Mechanical and Civil Engineering Seminar: PhD Thesis Defense
Abstract:
This talk studies operator learning from a statistical perspective. Operator learning uses observed data to estimate mappings between infinite-dimensional spaces. It does so at the conceptually continuum level, leading to discretization-independent machine learning methods when implemented in practice. Although this framework shows promise for physical model acceleration and discovery, the mathematical theory of operator learning lags behind its empirical success. Motivated by scientific computing and inverse problems where the available data are often scarce, this talk develops scalable algorithms for operator learning and theoretical insights into their data efficiency. The talk begins by introducing the function-valued random features method and applying it to learn nonlinear solution operators of parametric partial differential equations. A statistical analysis derives state-of-the-art error bounds for the trained method and establishes its robustness to errors stemming from noisy observations and model misspecification.
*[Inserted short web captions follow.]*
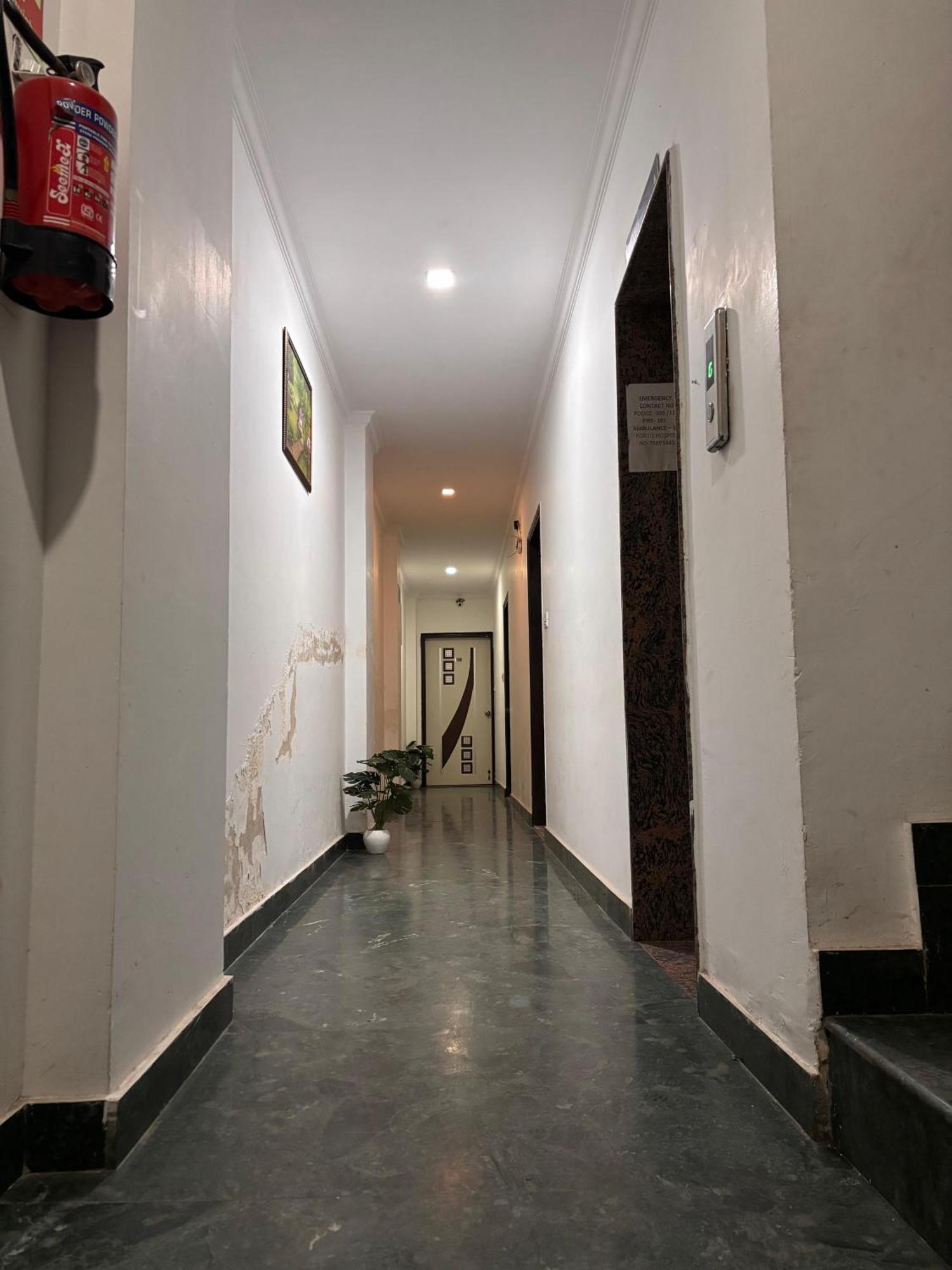Clink Airport Stay -New Delhi Bagian luar foto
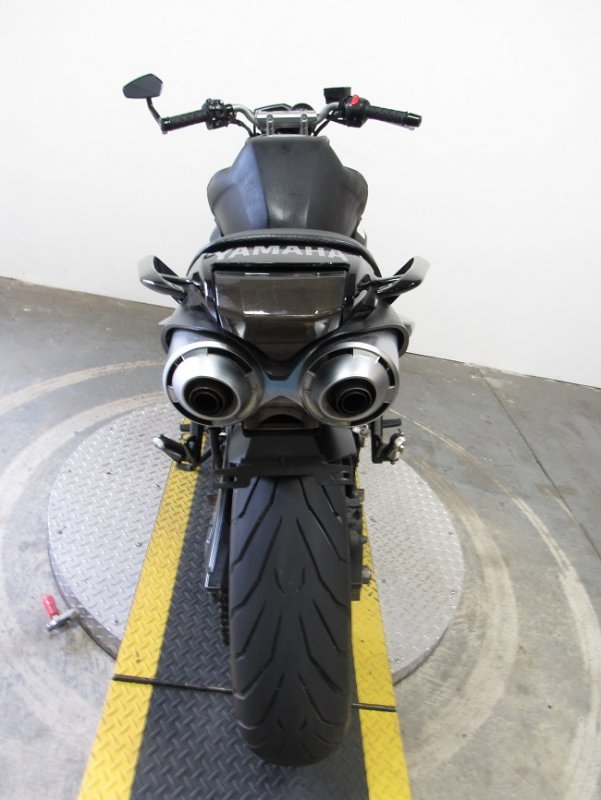 2007-yamaha-fz6-u4913-back-2.JPG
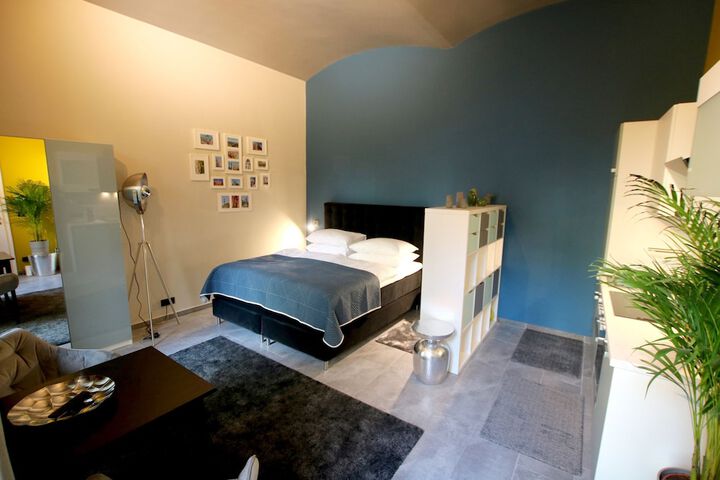 Room 5 of 83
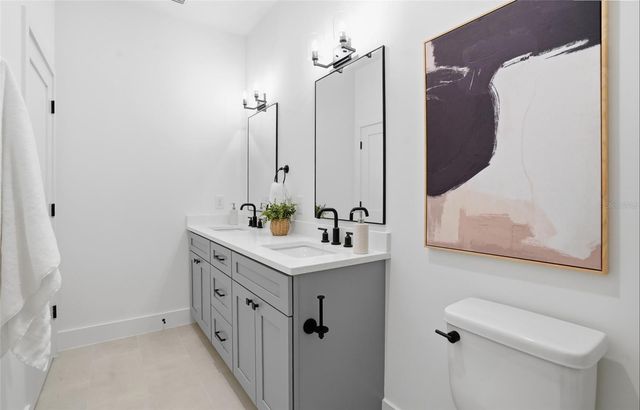 3002 W PLATT 4, Tampa, FL 33609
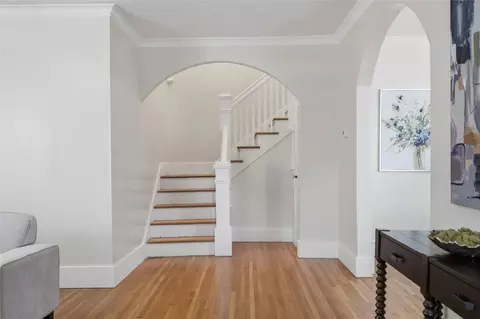 Entry Way - 1628 S Victor Ave, Tulsa, OK 74104 photo 2 of 5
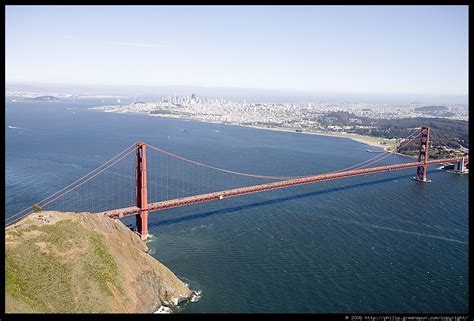 Photograph by Philip Greenspun: golden-gate-bridge-aerial-5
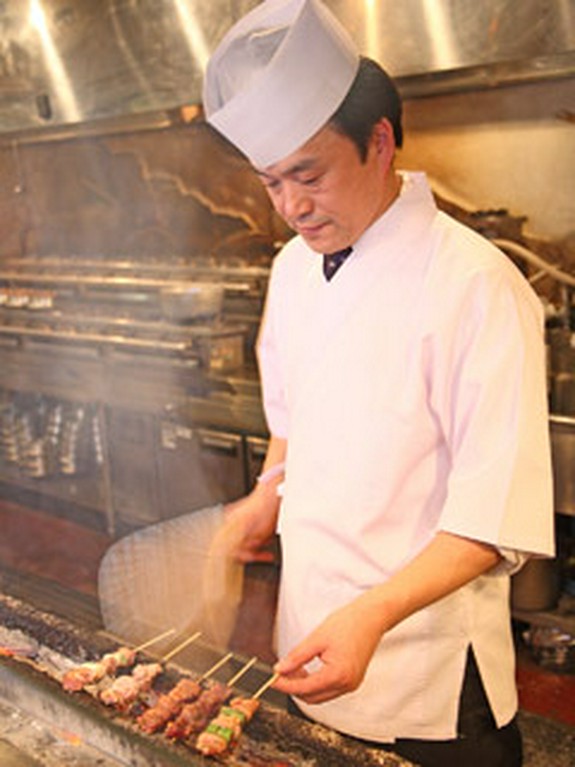 熟練者が炭火で焼き上げる。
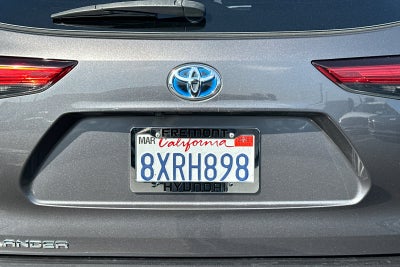 2021 Toyota Highlander Hybrid LE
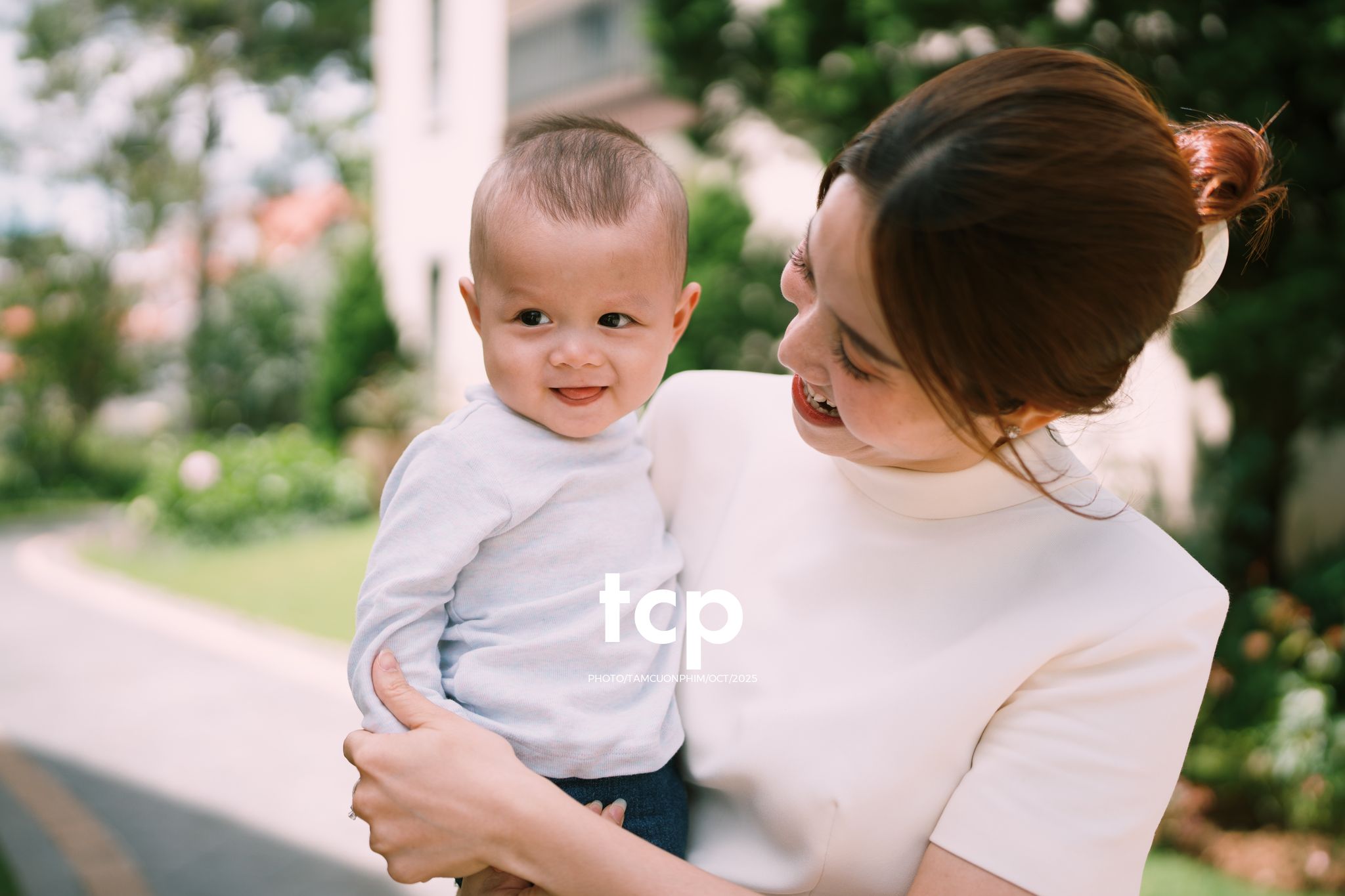 Tám Cuộn Phim - KHOẢNG TRỜI RIÊNG GIỮA MIỀN CẢNH QUAN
Next, the talk tackles fundamental statistical questions about how problem structure, data quality, and prior information influence learning accuracy. Specializing to a linear setting, a sharp Bayesian nonparametric analysis shows that continuum linear operators, such as the integration or differentiation of spatially-varying functions, are provably learnable from noisy input-output data pairs. When only specific linear functionals of the operator's output are the primary quantities of interest, the final part of the talk proves that the smoothness of the functionals determines whether learning directly from these finite-dimensional observations carries a statistical advantage over plug-in estimators based on learning the entire operator. To validate the findings beyond linear problems, the talk develops practical deep operator learning architectures for nonlinear maps that send functions to vectors, or vice versa, and shows their corresponding universal approximation properties. Altogether, the theoretical and methodological contributions of this talk advance the reliability and efficiency of operator learning for continuum problems in the physical and data sciences.